One last decision is do we put this in Drupal 8.8.x - I would think so because it helps people prep for D9 but this is a release manager decision. And if so should we have an empty post update function to force a container rebuild to add the new service.
Comment #21
catchTo me this is a new (site-admin-facing) feature and should just go into 8.9.x
Comment #22
alexpott@catch sure and as @Berdir pointed out contrib can detect whether the service exists and use that to avoid calling deprecated code. The one thing that this means is that they can't drop the dependency on the contrib libraries module and have 8.8 compatibility. Or rather they can but then it gets super complex for them manage. I think not doing this in 8.8.x does make it harder to have modules like dropzonejs ready for Drupal 9 because no one is going to port the libraries module to Drupal 9.
Comment #23
alexpottAh so most of the D8 code has stuff like
if (\Drupal::moduleHandler()->moduleExists('libraries')) {
so there's no real dependency on the libraries module. If it is there paragraphs dropzonejs etc use it... if not then they don't.Comment #24
BerdirExactly, my plan is to basically do this in contrib modules:
if (new service exists) {
use that API
}
elseif (library module exists) {
use library module API
}
else {
use default location
}
and eventually once a module then requires 8.9, we can clean it up, and require the new service and stop integrating with library module at all. For users, the switch should be transparent, in 8.8, they need the library module if they have it in a non-default location, once they update to 8.9 they can uninstall that and then update to 9.0 without it.
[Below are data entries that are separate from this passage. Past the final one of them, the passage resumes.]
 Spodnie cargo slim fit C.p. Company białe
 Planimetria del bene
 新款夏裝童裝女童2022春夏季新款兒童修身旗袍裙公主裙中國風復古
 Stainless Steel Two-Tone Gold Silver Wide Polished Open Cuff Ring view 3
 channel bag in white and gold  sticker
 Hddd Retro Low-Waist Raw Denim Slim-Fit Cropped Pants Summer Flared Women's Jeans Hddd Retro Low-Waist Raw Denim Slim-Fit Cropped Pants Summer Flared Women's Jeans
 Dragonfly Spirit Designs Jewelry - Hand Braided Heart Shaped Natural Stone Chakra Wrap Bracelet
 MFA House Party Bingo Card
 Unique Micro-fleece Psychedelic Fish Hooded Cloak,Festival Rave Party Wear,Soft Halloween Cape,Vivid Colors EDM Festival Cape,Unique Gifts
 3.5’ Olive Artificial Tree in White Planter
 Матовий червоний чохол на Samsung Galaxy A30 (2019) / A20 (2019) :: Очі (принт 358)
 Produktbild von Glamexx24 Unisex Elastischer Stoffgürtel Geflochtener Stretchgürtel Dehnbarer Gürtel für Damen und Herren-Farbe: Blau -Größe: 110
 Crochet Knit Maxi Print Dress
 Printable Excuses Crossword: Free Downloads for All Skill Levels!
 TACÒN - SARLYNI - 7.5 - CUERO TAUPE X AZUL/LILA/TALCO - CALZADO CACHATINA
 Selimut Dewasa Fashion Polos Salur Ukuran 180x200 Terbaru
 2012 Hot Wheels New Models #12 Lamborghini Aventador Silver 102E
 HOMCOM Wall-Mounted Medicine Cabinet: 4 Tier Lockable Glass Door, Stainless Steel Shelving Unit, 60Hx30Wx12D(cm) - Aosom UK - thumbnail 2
I updated my patch for dropzonejs with this approach: #3099836: Use new LibrariesDirectoryFinder. Seems to be working nicely and I think this is ready, @catch agreed on slack with the name. I also updated the change record with the new name and this pattern.
Comment #26
catchSo we want users to be able to do a direct update from 8.8 to 9.x too, I can see two ways to do this:
1. Uninstall libraries module immediately prior to doing the 9.0.x update
2. Libraries could potentially do a 9.x 'port' which is just an .info.yml so that sites can do a clean uninstall after upgrading.
Opened #3110305: Drupal 8.9.x deprecation signposting against libraries module for potentially doing that stub release, and documenting options on the project page.
Fixed this on commit:
Committed 8dad334 and pushed to 9.0.x and 8.9.x. Thanks!